GuruFocus.com provides payed API to get stocks fundamental data but there are only 2,000 calls per month. I monitor more then 5,000 stocks and need to know what new fundamental data were recently uploaded to GuruFocus to use my limited API calls only to get new data.

The site provides free access to the recent 4 quarters of the data. I web-scrap the free web-pages to get most recent available date for each my stock. Then I compare the most recent available date on the site to the data I already downloaded. I use API calls only to get fundamental data if it's new.

image

The data (most recent available dates in csv file and fundamental data in JSON files) are uploaded to S3 bucket.

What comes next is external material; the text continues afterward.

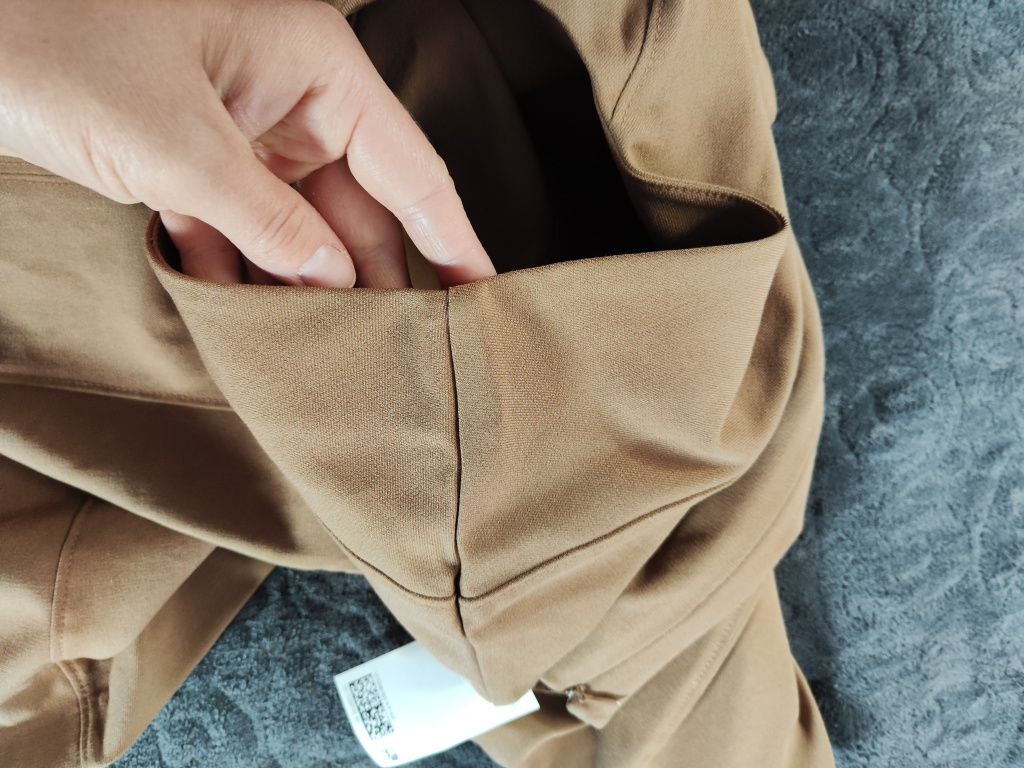 Sukienka H&M hm camel Basic szafa kapsułowa brązowa beżowa M do pracy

There are Snowflake external tables configured to get staging data exactly as they are in S3 files.

DBT macro is used to parse JSON records in the staging table and each individual part is stored in its own table in Snowflake.

The macro gets keys from the 1st JSON record in the staging table:

with stg as (select * from {{ source('Json_Data', 'fundamental_stg') }} limit 1) select distinct json.key as column_name from stg, lateral flatten(stg.value:financials:{{ key1 }}:{{ key2}}) json

starting from the specific key for each balance sheet, income statement, chash flow etc parts and based on the result creates SELECT statement to build correspondent tables.

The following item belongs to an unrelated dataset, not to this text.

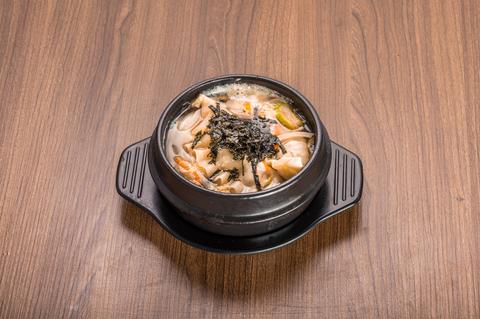 セクセクチキン 餃子スープ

Redshift version of the get key SQL:

SELECT key as column_name FROM (select * from {{ source('Json_Data', 'fundamental_stg') }} limit 1) AS stg, UNPIVOT stg.value.financials.{{ key1 }}.{{ key2}} AS value AT key;

image

The steps are orchesttrated in Airflow DAG.

image

The project is rather POC then production and requre improvments: incremental load in the tables, clean-up S3 bucket.